Andere Zeiten, andere Auffassungen: Bei Restaurierungsmaßnahmen in den 1920er-Jahren drehte man die Schafe auf der linken Seite einfach um. Sie laufen nun nicht mehr gen Osten zum Lamm Gottes, sondern im Kreis. Warum man das tat, verraten uns die Archive allerdings nicht.
Beatrice Härig
Das Stift Bassum selber, etwa 25 km südlich von Bremen gelegen, ist ebenfalls einen Besuch wert.
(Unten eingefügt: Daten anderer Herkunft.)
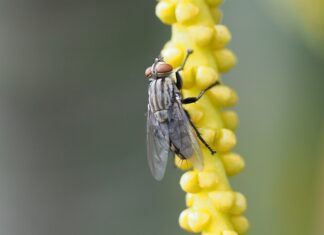 Co to jest trupia pleśń?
Es wurde 858 gegründet und gilt als das älteste noch bestehende Kanonissenstift in Europa. Um das Abteigebäude und die Kirche gruppieren sich diverse weitere Gebäude wie Stiftsmühle, Speicher, die ehemaligen Stiftsdamenhäuser und die Rentei. Im 2012 eingeweihten Ausstellungsraum im Abteigebäude werden wertvolle Ausstattungsstücke und Stoffe gezeigt. Führungen auf Anfrage.